Signing your LineageOS
There is a wrinkle to this: to re-sign the OS, you need the target-files.zip intermediate build, not the ROM install file. Unfortunately, this is pretty big (38GB for lineage-19.1) and doesn’t seem to be available for download any more. If you can find it, you can re-sign the stock LineageOS, but if not you have to build it yourself. Instructions for both building and re-signing can be found here. You need to follow this but in addition you must add two extra flags to the sign_target_files_apks
command:
--avb_vbmeta_key=/path/to/private/avb.key
--avb_vbmeta_algorithm=SHA256_RSA2048
Which will ensure the vbmeta partition is signed with the key you created above.

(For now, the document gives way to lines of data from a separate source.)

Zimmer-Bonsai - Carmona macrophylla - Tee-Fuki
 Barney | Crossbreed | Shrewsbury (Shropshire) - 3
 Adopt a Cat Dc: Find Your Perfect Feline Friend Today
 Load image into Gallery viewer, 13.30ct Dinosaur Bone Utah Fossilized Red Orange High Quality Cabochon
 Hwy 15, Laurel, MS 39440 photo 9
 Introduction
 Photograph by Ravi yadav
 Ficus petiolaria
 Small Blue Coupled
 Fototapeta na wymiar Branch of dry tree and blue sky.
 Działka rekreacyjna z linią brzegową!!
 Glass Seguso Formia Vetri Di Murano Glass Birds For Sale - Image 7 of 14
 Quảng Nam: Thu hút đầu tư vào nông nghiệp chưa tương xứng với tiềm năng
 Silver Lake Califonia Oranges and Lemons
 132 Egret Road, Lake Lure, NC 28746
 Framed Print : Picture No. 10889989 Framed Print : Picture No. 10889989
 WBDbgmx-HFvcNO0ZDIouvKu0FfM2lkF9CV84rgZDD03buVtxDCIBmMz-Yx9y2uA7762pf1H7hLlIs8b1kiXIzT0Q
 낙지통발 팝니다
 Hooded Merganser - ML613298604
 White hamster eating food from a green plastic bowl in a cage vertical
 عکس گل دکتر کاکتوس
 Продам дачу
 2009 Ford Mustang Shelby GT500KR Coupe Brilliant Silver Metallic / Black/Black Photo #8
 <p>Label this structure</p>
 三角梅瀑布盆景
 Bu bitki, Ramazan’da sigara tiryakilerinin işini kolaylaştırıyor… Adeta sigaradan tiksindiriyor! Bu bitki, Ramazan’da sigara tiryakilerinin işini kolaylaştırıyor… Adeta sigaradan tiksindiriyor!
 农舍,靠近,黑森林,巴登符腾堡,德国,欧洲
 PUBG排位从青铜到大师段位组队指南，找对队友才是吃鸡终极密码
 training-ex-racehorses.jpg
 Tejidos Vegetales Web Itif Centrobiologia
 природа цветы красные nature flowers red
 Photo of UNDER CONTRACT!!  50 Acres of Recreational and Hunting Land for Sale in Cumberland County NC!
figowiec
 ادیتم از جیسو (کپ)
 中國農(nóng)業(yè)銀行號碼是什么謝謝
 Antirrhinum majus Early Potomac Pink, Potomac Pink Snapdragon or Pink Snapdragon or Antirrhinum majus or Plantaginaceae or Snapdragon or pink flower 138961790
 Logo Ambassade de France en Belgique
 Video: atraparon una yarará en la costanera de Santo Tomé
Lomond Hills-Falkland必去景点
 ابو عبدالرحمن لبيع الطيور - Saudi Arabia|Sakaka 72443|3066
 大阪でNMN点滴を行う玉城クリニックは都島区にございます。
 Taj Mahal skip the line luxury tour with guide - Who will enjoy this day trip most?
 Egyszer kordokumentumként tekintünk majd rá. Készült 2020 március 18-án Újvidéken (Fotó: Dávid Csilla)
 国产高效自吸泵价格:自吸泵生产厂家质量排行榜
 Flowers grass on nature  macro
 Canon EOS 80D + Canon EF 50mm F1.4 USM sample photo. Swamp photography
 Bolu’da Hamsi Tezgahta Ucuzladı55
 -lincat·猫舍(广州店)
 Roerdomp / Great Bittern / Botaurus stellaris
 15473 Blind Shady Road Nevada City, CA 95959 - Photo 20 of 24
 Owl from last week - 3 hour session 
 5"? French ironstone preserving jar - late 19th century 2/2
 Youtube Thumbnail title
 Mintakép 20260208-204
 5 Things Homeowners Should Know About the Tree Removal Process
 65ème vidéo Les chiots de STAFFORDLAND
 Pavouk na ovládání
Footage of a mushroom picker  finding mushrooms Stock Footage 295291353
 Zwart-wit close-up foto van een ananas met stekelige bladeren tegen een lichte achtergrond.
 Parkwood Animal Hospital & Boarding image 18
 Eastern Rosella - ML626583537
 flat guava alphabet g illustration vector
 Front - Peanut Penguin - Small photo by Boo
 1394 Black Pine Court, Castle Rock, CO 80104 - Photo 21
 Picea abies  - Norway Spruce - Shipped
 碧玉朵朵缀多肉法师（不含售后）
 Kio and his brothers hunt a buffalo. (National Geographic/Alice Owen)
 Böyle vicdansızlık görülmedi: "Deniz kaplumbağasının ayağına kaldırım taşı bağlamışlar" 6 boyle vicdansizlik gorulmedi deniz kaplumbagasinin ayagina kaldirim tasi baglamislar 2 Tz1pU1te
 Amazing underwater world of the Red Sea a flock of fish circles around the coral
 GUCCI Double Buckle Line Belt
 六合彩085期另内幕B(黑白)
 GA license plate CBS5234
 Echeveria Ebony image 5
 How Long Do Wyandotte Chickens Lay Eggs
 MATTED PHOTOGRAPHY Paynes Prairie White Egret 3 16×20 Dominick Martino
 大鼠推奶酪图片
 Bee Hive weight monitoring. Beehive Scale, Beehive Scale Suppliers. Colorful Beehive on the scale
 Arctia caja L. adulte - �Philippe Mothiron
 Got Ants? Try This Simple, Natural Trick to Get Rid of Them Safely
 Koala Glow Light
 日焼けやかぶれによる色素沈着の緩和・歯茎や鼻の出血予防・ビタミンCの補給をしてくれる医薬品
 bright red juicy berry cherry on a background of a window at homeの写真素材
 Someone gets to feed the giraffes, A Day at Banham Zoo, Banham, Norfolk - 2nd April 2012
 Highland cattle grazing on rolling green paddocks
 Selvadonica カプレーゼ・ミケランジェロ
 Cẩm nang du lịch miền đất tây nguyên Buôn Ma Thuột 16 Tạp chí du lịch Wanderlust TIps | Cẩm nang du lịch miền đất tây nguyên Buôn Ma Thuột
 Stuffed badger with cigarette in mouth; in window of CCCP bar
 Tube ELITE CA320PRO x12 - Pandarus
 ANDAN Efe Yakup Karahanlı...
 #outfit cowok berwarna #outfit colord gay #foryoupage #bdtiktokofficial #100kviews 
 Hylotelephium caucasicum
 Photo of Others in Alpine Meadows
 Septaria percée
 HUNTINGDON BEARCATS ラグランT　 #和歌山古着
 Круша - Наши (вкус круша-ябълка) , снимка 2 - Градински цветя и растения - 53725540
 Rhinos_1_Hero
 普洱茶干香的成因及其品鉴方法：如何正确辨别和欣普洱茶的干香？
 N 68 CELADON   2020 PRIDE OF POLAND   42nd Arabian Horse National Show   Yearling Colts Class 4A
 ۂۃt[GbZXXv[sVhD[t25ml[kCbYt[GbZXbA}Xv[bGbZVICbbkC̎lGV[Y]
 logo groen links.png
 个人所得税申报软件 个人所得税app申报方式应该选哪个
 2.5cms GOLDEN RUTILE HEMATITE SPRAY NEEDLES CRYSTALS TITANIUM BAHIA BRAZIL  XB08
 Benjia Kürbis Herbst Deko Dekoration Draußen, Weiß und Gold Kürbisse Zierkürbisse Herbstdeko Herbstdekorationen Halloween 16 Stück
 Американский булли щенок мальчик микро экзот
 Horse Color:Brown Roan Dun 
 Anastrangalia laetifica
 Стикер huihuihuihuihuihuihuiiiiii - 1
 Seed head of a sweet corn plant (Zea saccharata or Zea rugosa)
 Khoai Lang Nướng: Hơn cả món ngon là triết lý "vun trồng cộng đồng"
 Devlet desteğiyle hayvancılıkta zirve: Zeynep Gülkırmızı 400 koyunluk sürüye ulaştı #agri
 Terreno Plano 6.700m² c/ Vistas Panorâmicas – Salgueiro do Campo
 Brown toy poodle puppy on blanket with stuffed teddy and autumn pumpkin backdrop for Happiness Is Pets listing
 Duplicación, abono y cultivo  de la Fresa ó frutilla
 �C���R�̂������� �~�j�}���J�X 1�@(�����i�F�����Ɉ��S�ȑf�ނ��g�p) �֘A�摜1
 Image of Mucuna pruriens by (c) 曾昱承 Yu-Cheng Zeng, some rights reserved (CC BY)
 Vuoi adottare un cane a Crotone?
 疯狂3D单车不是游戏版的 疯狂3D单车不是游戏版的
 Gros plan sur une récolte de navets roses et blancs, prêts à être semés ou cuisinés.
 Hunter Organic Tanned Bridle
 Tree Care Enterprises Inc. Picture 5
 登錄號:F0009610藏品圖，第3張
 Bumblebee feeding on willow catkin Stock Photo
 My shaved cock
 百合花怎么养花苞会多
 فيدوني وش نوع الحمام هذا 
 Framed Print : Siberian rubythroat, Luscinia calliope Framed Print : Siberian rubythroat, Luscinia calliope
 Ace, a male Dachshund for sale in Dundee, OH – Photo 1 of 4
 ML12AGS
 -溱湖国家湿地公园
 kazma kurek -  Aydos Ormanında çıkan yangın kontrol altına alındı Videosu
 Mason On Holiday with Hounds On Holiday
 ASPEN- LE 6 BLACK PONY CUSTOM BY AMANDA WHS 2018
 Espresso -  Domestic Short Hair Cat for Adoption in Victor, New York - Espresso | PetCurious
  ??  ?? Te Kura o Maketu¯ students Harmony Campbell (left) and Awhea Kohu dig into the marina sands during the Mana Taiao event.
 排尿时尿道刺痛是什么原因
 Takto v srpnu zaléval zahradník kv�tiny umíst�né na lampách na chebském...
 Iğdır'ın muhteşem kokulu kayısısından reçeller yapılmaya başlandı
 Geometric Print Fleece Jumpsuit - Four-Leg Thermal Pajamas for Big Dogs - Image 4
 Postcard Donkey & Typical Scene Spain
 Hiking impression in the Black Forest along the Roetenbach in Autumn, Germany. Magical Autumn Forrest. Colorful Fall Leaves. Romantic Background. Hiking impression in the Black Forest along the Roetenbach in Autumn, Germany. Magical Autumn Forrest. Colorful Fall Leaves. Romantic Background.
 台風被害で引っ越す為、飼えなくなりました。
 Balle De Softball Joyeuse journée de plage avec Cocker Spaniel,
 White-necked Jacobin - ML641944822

Optionally Enabling dm-verity
If you want to enable dm-verity, you have to change the vbmeta flags to 0 (enable both hashtree and vbmeta verification) before you execute the signing command above. These flags are stored in the META/misc_info.txt file which you can extract from target-files.zip with
unzip target-files.zip META/misc_info.txt
And once done you can vi this file to find the line
avb_vbmeta_args=--flags 3 --padding_size 4096 --rollback_index 1804212800
If you update the 3 to 0 this will unset the two disable flags and allow you to do a dm-verity verified boot. Then use zip to replace this updated file
zip -u target-files.zip META/misc_info.txt
And then proceed with signing the updated target-files.zip
Wrinkle for Android-12 (lineage-19.1) and above
For all these versions, this patch ensures that if the vbmeta was signed then the vbmeta hash must be verified, otherwise the system will crash in early init, so you have no choice and must alter the avb_vbmeta_args
above to either --flags 1
or --flags 0
so the vbmeta hash is passed in to init. Since you have to alter the flags anyway, you might as well enable dm-verity (set to 0) at the same time.
Re-Lock the Bootloader
Once you have installed both your custom keys and your custom signed boot image, you are ready to re-lock the bootloader. Beware that some phones will erase your data partition when you do this (the Google advice says they shouldn’t, but not all manufacturers bother to follow it), so make sure you have a backup (or are playing with a newly rooted phone).
fastboot flashing lock
Check with a reboot (the phone should now display a yellow warning triangle saying it is booting a custom OS rather than the orange unsigned OS one). If everything goes according to plan you can enter the developer settings and click the “OEM Unlocking” settings to disabled and your phone can no longer be unlocked without your say so.
Conclusions and Caveats
Following the above instructions, you can updated your phone so it will verify images you signed with your AVB key, turn on dm-verity if you wish and generally make your phone much more secure. However, remember that you haven’t erased the original AVB key, so the phone can still be updated to an image signed with that key and, worse, the recovery partition of LineageOS is modified to allow rollback, so it will allow the flashing of any signed image without triggering an erase of the data partition. There are also a few more problems like, thanks to a bug in AOSP, the recovery version of fastboot will actually allow commands that are usually forbidden if the phone is locked.